Understanding Health Reimbursement Arrangements

In health care, acronyms abound—ACA, FSA, FMLA, CDHP, HSA, etc. It can be a bit overwhelming.

HRAOne of the lesser known but still important healthcare-related acronyms is HRA. It stands for health reimbursement account (or health reimbursement arrangement), and it’s a type of account in which employers reimburse employees for qualified medical expenses.

HRAs are similar to flexible spending accounts (FSAs) in the sense that they are generally managed by the employer and are paid out after the expense is incurred by the employee. However, that’s where the similarities end. Unlike an FSA, an HRA is generally funded by the employer as a type of employee benefit. There are annual limits on some types of HRAs, which depend on the type of HRA offered.
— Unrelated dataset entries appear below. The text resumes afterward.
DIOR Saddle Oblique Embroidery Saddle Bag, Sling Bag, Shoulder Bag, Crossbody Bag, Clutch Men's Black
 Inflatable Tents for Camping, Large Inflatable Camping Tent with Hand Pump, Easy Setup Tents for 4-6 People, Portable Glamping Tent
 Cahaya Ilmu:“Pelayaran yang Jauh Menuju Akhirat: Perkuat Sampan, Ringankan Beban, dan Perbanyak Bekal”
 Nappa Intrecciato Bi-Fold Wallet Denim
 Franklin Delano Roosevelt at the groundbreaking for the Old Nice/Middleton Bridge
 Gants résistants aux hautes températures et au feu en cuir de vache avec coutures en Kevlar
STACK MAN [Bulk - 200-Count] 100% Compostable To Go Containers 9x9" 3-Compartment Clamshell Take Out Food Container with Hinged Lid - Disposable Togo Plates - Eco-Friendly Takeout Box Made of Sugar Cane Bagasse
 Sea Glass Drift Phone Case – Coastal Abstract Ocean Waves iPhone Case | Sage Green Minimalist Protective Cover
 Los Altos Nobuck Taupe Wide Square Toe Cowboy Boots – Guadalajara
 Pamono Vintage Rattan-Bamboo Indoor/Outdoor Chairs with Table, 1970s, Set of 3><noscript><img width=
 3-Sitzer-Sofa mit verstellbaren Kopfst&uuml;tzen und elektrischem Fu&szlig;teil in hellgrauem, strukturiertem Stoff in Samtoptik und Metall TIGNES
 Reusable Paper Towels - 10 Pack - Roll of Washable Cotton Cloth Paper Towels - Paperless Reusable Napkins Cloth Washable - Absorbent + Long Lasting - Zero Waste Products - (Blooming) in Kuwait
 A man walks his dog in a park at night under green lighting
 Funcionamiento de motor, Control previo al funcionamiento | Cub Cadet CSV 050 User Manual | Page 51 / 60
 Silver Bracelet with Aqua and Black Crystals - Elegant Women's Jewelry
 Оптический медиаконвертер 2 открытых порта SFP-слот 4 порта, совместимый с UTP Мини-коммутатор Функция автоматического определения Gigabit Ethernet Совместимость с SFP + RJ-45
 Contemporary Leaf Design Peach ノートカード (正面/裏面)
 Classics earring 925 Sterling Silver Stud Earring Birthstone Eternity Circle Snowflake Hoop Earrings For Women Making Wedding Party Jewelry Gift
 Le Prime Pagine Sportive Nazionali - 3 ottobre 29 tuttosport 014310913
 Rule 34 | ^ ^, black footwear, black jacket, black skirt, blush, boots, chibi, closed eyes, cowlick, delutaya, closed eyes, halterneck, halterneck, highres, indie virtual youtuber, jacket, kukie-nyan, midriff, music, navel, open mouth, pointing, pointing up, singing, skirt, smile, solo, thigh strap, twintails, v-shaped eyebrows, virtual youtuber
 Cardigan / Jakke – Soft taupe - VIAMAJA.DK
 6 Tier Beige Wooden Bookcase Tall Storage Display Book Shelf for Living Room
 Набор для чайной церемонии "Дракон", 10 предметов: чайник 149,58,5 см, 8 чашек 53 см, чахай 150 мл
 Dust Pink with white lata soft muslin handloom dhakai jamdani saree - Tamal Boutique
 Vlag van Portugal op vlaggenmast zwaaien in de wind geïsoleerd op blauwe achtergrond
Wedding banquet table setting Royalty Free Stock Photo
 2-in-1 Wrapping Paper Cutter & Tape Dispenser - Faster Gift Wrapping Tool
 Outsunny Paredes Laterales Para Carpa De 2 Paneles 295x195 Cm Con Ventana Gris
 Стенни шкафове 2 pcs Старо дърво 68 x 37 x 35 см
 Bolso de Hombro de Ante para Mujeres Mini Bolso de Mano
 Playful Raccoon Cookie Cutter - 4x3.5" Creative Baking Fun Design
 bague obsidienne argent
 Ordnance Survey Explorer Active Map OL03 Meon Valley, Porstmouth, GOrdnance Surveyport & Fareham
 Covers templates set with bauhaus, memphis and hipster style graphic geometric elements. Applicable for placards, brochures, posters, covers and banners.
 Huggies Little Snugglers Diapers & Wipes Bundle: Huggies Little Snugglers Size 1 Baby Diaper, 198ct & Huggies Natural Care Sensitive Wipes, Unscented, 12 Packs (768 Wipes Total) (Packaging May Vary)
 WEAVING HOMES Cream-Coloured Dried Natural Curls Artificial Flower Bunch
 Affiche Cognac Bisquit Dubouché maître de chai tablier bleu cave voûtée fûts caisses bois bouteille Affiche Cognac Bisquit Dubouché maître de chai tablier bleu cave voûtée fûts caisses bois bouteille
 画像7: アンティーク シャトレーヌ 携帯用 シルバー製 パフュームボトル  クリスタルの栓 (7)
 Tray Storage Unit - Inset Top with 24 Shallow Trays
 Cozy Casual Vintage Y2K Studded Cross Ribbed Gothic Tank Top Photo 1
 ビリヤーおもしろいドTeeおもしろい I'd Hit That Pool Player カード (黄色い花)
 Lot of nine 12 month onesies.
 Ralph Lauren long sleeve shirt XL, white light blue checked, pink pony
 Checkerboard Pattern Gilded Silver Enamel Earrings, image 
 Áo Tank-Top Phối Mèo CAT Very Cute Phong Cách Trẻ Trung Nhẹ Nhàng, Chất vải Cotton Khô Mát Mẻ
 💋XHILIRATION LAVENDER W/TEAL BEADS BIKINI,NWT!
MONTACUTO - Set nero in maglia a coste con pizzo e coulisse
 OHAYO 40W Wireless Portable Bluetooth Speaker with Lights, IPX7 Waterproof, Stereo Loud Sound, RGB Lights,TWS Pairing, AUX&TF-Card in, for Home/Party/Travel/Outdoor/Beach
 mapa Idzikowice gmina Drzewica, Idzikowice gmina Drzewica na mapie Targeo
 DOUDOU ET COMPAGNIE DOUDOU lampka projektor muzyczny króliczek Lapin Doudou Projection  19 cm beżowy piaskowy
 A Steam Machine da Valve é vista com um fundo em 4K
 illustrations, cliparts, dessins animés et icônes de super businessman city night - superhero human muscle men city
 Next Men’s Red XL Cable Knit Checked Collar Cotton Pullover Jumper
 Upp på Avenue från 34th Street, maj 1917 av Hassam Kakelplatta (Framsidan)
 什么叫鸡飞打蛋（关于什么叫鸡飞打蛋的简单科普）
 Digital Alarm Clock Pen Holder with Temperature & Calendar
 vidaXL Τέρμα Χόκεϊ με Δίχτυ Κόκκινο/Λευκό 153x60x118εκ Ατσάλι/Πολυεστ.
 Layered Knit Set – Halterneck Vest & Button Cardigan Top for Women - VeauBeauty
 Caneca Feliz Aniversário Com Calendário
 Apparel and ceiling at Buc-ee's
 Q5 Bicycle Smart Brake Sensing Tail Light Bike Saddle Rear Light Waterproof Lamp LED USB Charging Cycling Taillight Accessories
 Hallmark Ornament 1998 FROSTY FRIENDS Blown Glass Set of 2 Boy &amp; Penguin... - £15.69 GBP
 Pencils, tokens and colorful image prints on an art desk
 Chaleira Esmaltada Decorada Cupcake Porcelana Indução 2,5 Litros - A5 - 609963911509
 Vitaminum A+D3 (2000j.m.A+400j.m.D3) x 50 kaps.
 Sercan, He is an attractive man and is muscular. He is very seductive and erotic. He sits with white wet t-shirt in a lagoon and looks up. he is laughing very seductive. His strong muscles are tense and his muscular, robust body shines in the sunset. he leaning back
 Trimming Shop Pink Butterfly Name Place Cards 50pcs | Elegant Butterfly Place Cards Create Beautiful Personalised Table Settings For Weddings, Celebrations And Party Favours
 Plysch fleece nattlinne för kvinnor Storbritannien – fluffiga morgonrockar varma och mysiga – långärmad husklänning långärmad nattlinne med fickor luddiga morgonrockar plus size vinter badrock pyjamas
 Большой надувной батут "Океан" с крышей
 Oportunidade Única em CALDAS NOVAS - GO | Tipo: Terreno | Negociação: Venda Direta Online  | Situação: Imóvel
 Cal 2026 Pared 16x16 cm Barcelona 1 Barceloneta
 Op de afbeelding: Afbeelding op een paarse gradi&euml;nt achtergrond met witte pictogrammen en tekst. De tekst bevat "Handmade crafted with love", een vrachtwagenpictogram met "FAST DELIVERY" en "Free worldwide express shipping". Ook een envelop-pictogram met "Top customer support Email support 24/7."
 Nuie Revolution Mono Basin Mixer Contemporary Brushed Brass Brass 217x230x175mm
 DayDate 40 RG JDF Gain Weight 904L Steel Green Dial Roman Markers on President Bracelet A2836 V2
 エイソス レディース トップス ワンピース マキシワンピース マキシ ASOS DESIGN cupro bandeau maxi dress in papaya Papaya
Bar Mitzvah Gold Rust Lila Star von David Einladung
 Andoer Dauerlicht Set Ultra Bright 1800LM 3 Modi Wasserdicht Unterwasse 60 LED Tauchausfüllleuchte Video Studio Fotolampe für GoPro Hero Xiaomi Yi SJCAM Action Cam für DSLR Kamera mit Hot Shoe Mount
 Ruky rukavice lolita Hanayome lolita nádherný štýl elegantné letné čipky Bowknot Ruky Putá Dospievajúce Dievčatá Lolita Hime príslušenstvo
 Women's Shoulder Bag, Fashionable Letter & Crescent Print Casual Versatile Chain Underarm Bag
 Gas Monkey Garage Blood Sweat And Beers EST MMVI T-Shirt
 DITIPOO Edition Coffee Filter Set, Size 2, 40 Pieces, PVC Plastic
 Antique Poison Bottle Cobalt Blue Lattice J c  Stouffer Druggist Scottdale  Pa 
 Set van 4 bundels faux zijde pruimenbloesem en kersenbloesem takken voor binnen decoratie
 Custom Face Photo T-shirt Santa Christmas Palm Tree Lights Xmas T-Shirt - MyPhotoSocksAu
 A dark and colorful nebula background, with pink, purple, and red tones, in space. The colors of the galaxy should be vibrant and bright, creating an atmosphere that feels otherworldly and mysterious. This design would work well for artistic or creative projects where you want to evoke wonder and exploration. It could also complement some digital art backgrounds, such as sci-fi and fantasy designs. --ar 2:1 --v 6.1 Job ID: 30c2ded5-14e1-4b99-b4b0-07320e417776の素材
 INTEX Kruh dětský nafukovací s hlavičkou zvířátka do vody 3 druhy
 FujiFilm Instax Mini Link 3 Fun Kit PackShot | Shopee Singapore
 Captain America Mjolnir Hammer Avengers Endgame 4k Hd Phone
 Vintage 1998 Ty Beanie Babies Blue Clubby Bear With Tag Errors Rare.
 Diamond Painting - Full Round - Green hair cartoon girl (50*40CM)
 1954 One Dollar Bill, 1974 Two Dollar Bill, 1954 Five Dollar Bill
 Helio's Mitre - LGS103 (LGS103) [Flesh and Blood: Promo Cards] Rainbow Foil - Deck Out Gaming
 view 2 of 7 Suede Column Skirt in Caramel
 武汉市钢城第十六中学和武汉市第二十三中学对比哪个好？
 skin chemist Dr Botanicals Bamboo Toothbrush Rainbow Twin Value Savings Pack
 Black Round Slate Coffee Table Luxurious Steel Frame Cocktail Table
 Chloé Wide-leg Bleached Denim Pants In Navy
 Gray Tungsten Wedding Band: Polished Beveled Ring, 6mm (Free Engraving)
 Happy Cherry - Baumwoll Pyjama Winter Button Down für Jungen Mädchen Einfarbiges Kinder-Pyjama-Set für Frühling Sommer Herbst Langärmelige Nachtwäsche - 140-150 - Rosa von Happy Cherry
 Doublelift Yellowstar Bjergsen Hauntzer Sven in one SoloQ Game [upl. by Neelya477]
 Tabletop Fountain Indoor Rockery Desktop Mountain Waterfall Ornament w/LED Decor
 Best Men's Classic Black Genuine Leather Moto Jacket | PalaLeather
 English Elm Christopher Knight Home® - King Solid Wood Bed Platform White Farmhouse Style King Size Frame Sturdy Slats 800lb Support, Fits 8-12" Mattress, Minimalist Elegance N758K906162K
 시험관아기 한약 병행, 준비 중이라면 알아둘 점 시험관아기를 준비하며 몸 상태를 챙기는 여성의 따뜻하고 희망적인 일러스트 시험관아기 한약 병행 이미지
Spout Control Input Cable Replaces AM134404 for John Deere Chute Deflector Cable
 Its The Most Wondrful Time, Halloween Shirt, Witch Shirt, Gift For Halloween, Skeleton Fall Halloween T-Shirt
In an HRA, the employer’s reimbursements to the employee are usually not taxed,[i] which can be quite useful for both the employer and the employee.

Essentially, this type of plan has a lot of flexibility and leeway to be set up in a way that is best for those involved.

What Expenses Can Be Reimbursed?

Here are some types of expenses often reimbursed with HRAs:[ii]

  • Insurance deductibles (i.e., money spent on medical services before the deductible is met)
  • Patient copays or payments for office visits
  • Transportation costs related to getting medical treatment
  • Dental work or dental insurance premiums
  • Eye care or vision insurance premiums
  • Pharmacy expenses
  • Insurance premiums, in some cases
  • Meals while receiving medical care
  • Therapy sessions

Note that which options are available may depend on the type of HRA that is set up. There are multiple types to choose from, including qualified small employer, individual coverage, group coverage, excepted benefit, dental/vision, and retiree HRA.

HRA Customization Options for Employers

Here are some options for employers when setting up an HRA:

  • Employers can decide what specific expenses will and will not be reimbursed, as long as they remain within the overall legal guidelines. There is Internal Revenue Service (IRS) guidance on which expenses can be considered medical expenses.
  • Employers can decide whether unused portions of the allocated HRA will be rolled over to the following year or returned to the employers. Or, they could opt to not allocate funds in advance and simply pay as needed, with no rollover question.
  • Employers can opt to have the HRA in funds that can be immediately accessed, allowing the employee to use a debit card to pay immediately for allowed expenses rather than be reimbursed.
  • Employers decide the maximum reimbursement they’re going to provide for each employee. There are some caps in place, depending on the type of plan offered, but these are fairly generous.

Offering an HRA is one option that some employers go for when they don’t feel they can afford to provide a full health insurance benefit. This can be especially useful for small employers that are not otherwise required to provide health insurance but still want to remain competitive in the talent marketplace by offering some form of reimbursement to offset healthcare costs for employees. This type of benefit is incredibly flexible and can be affordable because employers can set their own expense limits. While there are a few restrictions, this plan is generally very flexible for employers.

[i] Note: Not all versions of HRAs are tax free for employees.